- _WORK TO BE COMPLETED_:
In the records below, the line with "A sophisticated dark-toned" and every line after it must be written out exactly; no pictures belong in the result.

- _MATERIAL SUPPLIED_:

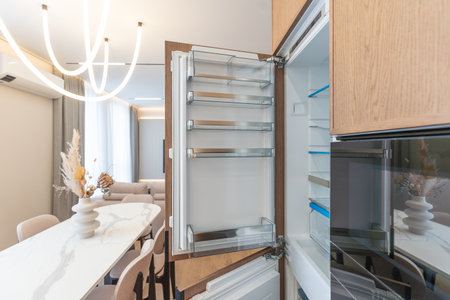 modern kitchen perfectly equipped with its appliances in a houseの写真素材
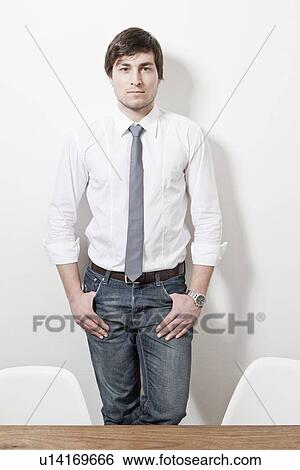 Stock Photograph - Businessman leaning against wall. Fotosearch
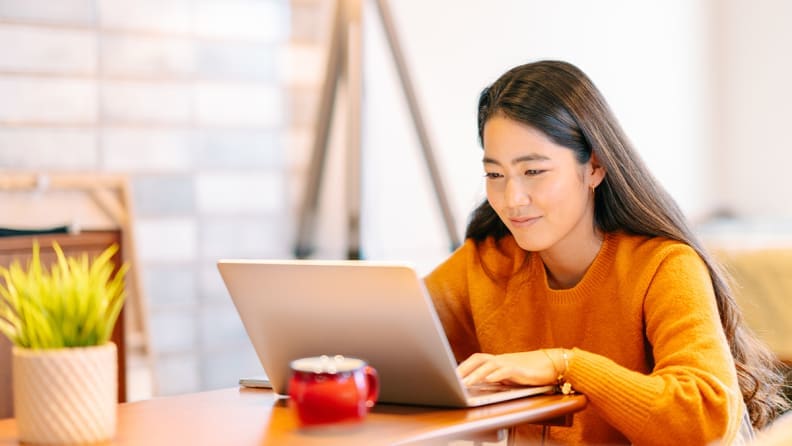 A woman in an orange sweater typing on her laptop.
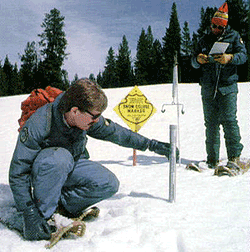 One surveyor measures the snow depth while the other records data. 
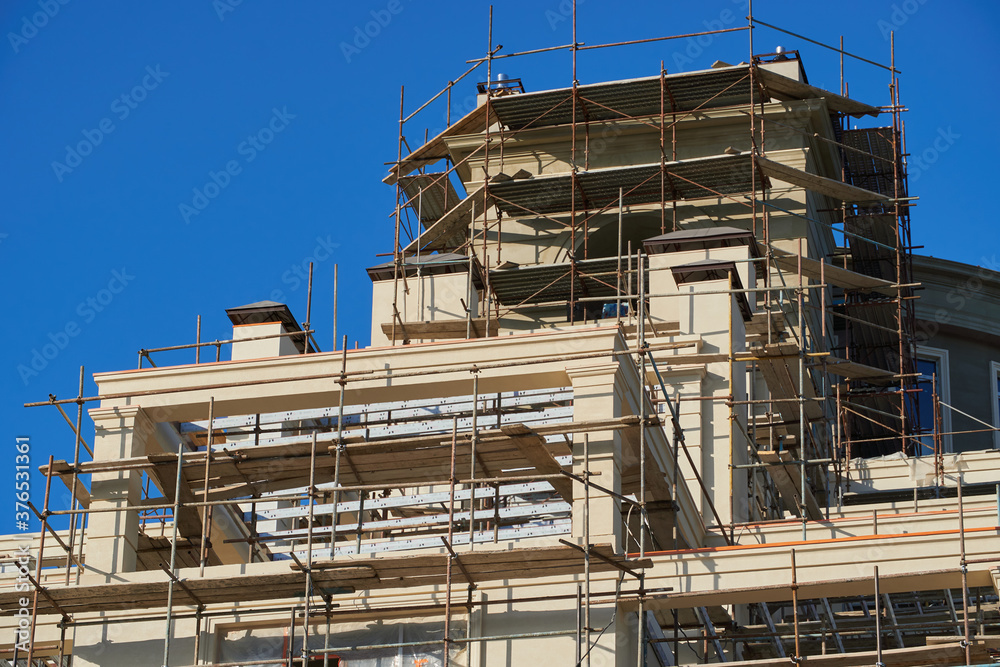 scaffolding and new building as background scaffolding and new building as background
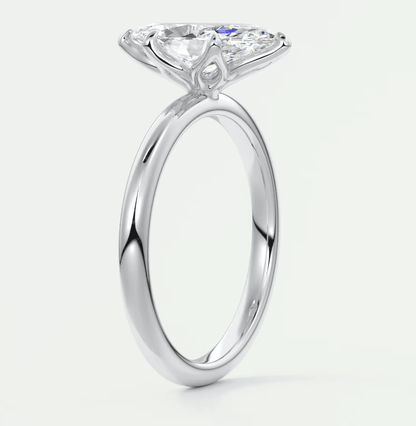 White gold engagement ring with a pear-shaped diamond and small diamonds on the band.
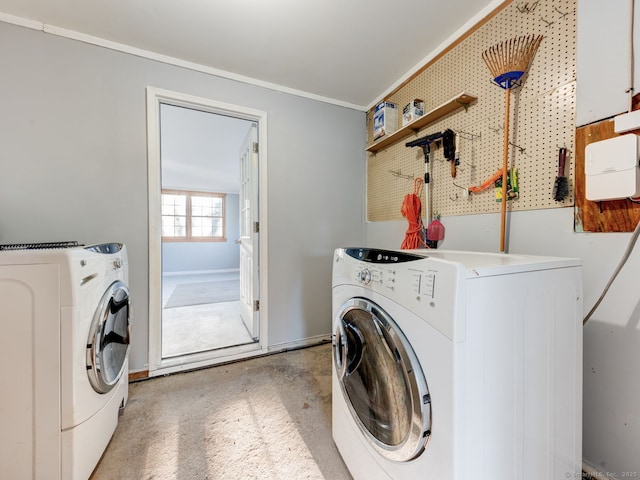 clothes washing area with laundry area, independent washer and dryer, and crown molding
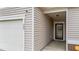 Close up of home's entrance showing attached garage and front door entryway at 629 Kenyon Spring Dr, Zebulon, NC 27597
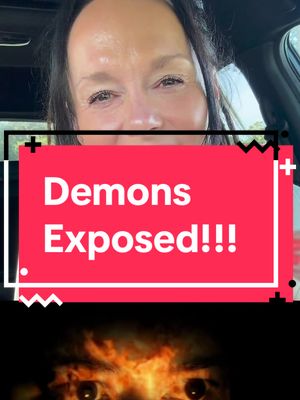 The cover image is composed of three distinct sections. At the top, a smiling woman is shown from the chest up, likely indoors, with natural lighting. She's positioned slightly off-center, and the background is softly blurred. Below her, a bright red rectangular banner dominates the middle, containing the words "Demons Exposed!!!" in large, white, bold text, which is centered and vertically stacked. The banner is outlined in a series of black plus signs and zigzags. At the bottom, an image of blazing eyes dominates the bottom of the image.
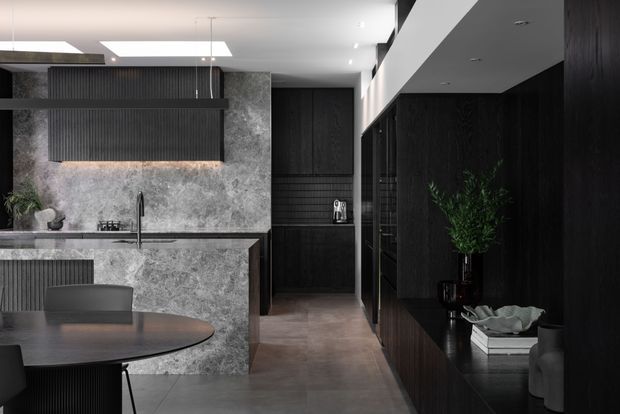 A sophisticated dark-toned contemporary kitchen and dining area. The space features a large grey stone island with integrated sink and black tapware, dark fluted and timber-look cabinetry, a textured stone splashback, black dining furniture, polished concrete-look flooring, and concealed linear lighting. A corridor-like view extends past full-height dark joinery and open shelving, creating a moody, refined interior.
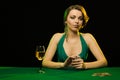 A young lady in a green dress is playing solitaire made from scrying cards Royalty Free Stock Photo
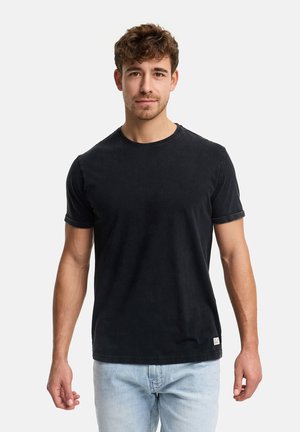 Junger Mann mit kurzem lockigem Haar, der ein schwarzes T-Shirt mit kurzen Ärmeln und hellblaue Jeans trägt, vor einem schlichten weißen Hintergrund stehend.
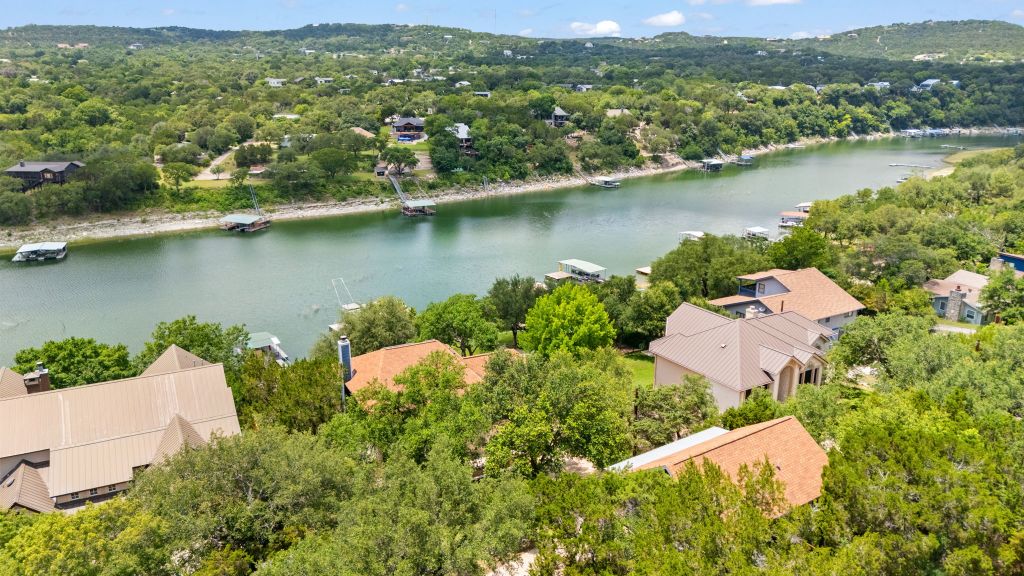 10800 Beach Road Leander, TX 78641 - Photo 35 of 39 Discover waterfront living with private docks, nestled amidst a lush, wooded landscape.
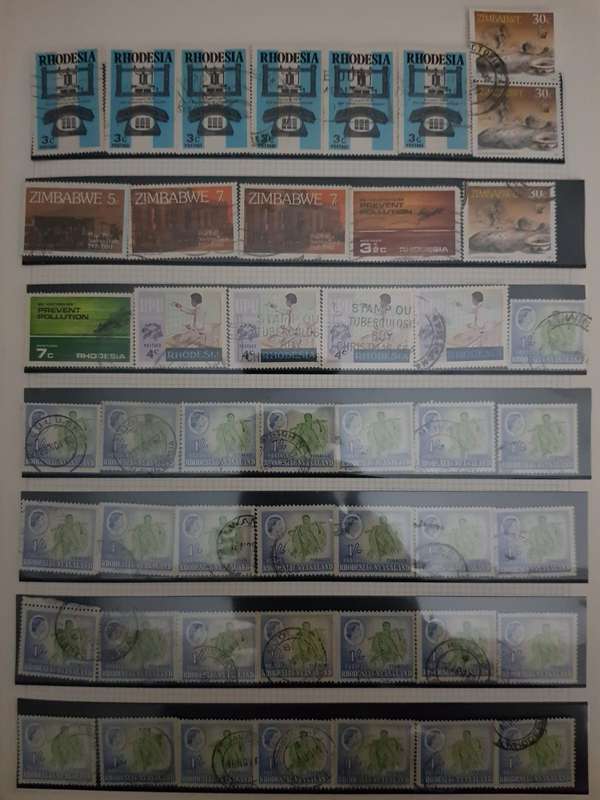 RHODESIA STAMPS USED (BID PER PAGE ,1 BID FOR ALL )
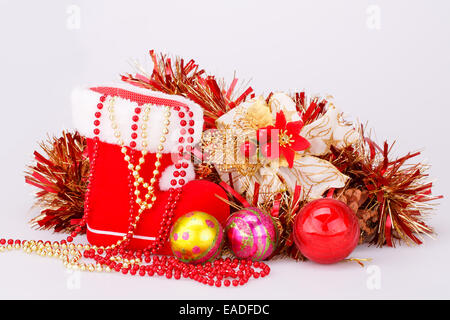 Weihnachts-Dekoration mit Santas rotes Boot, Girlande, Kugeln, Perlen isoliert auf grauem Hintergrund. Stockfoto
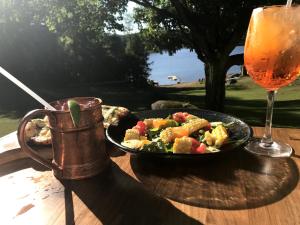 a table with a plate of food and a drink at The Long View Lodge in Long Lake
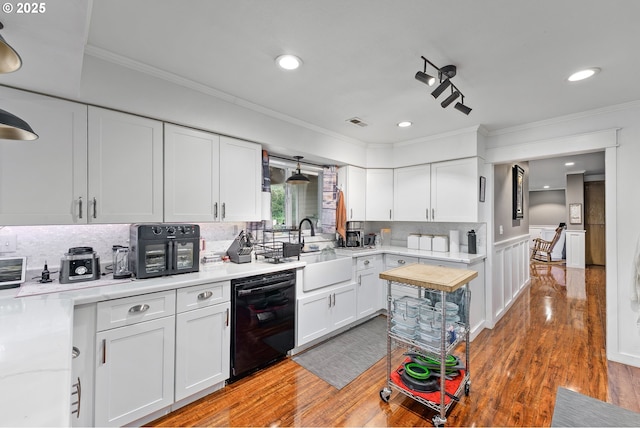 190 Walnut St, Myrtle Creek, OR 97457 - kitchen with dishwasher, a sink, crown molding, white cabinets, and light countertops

- _SOLUTION TO THIS EXERCISE_:
 A sophisticated dark-toned contemporary kitchen and dining area. The space features a large grey stone island with integrated sink and black tapware, dark fluted and timber-look cabinetry, a textured stone splashback, black dining furniture, polished concrete-look flooring, and concealed linear lighting. A corridor-like view extends past full-height dark joinery and open shelving, creating a moody, refined interior.
 A young lady in a green dress is playing solitaire made from scrying cards Royalty Free Stock Photo
 Junger Mann mit kurzem lockigem Haar, der ein schwarzes T-Shirt mit kurzen Ärmeln und hellblaue Jeans trägt, vor einem schlichten weißen Hintergrund stehend.
 10800 Beach Road Leander, TX 78641 - Photo 35 of 39 Discover waterfront living with private docks, nestled amidst a lush, wooded landscape.
 RHODESIA STAMPS USED (BID PER PAGE ,1 BID FOR ALL )
 Weihnachts-Dekoration mit Santas rotes Boot, Girlande, Kugeln, Perlen isoliert auf grauem Hintergrund. Stockfoto
 a table with a plate of food and a drink at The Long View Lodge in Long Lake
 190 Walnut St, Myrtle Creek, OR 97457 - kitchen with dishwasher, a sink, crown molding, white cabinets, and light countertops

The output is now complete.